**Dataset records**

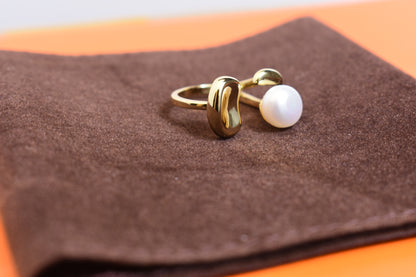 Natural pearl ring with gold size and double petal design with adjustable opening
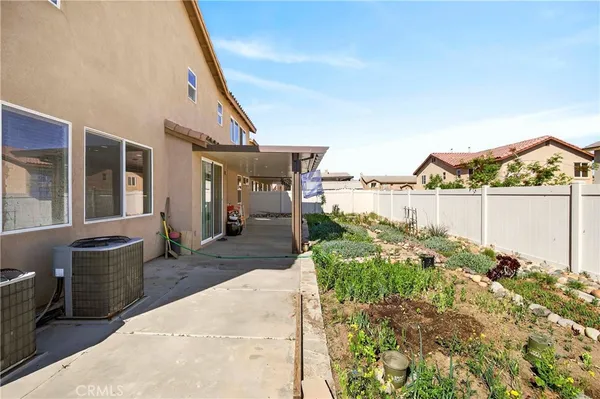 a house view with a outdoor space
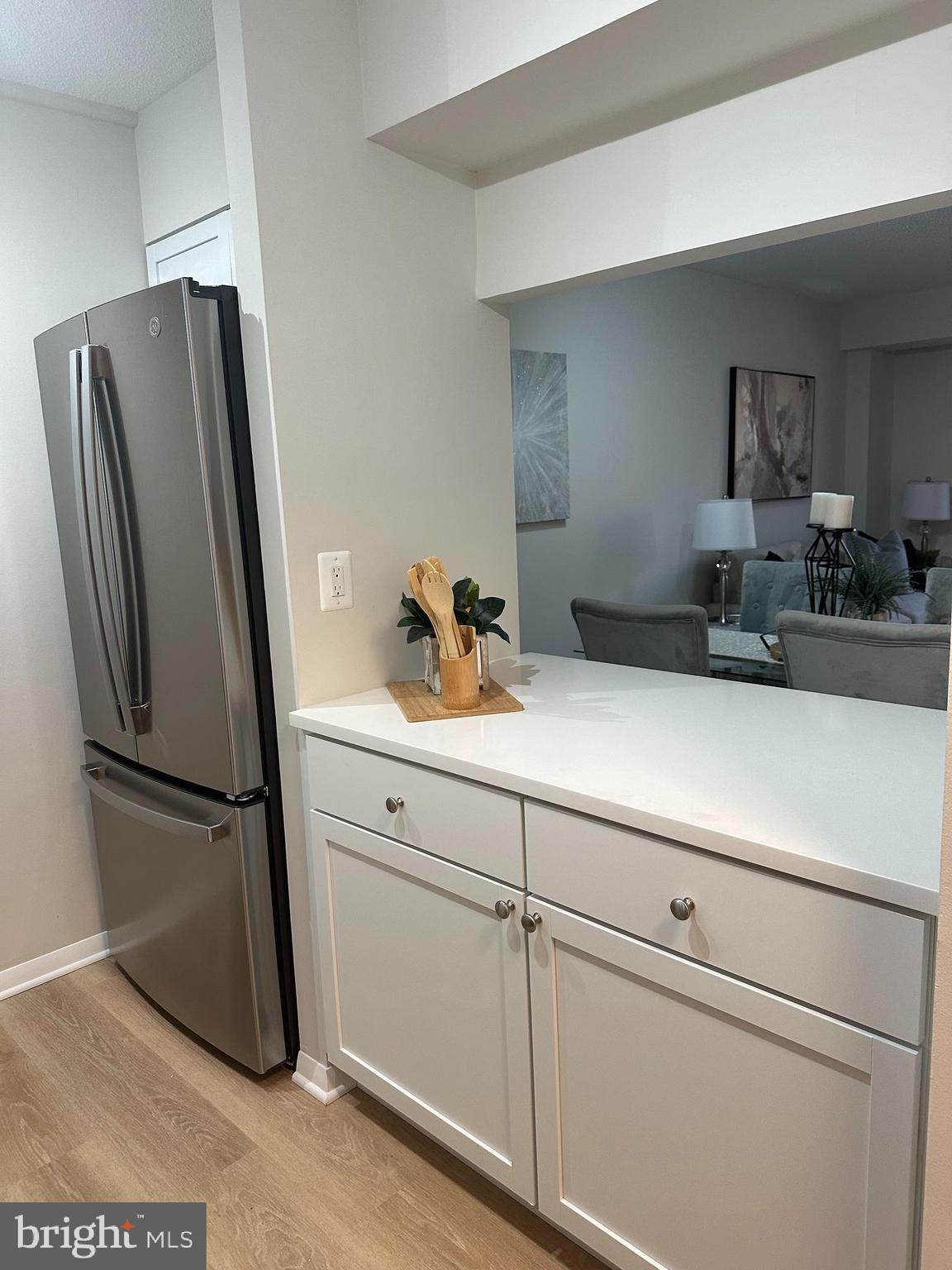 1808 Old Meadow Road, Unit 802 McLean, VA 22102 - Photo 4 of 33 open pass through to dining area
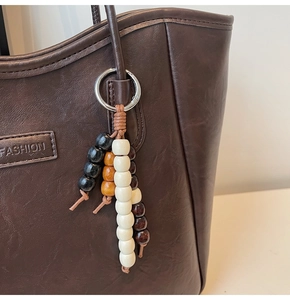 Détail d'un pendentif en perles de bois colorées sur un sac fourre-tout en cuir brun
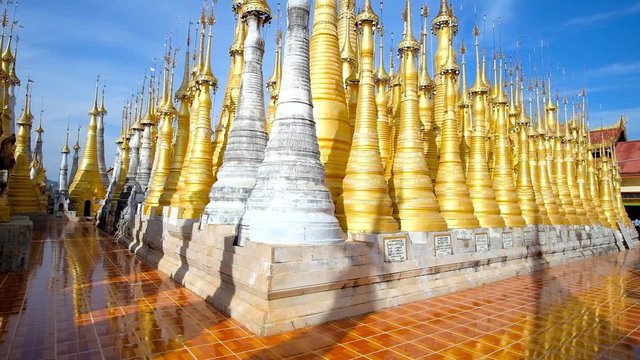 The group of golden stupas of Inn Thein Buddha image Shrine, located on the hilltop in Indein (Inn Thein) village, Inle Lake, Myanmar.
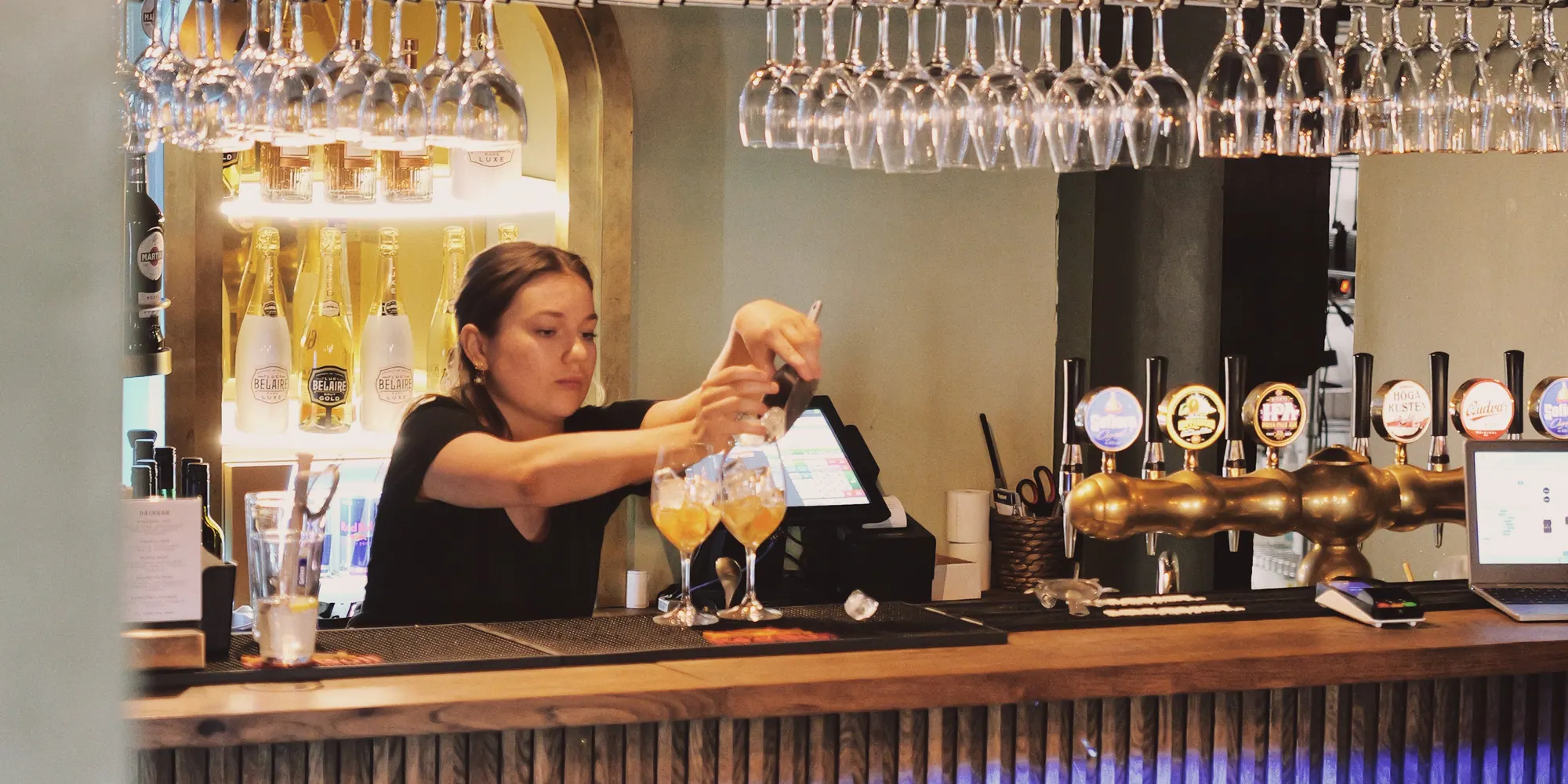 Bartendern häller upp en drink bakom baren under de hängande glasen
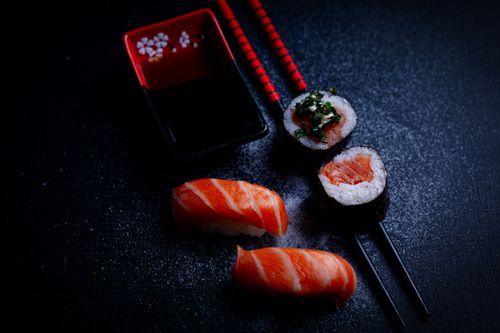 Free High-quality image of salmon nigiri and maki sushi with soy sauce and chopsticks. Stock Photo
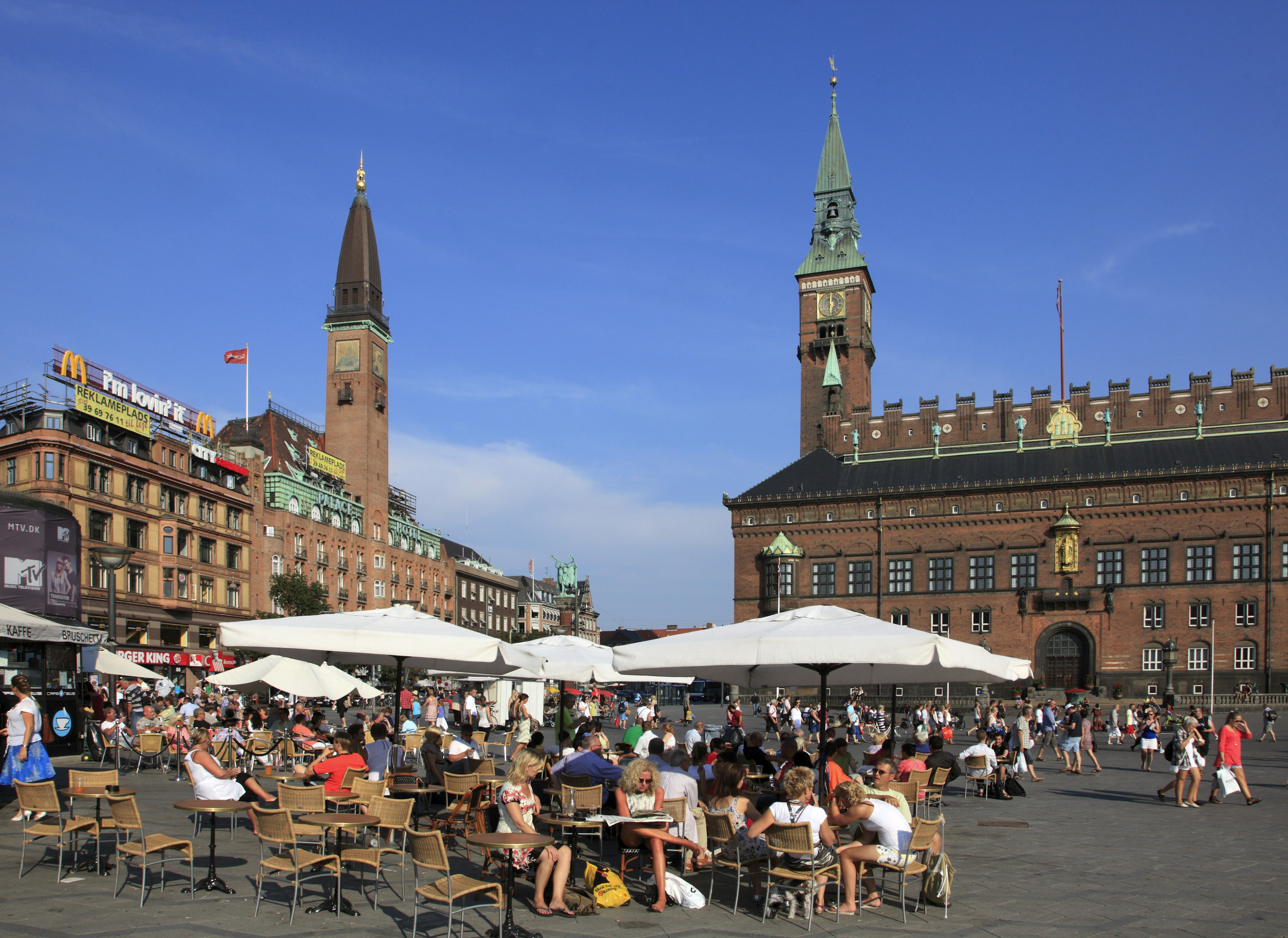 Visitors gathered at tables in City Hall Square.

**What you should do**
Please, without any of the pictures, set down exactly the lines from the beginning of the listing to the line that contains "Détail d'un pendentif", inclusive.

**Written reply**
 Natural pearl ring with gold size and double petal design with adjustable opening
 a house view with a outdoor space
 1808 Old Meadow Road, Unit 802 McLean, VA 22102 - Photo 4 of 33 open pass through to dining area
 Détail d'un pendentif en perles de bois colorées sur un sac fourre-tout en cuir brun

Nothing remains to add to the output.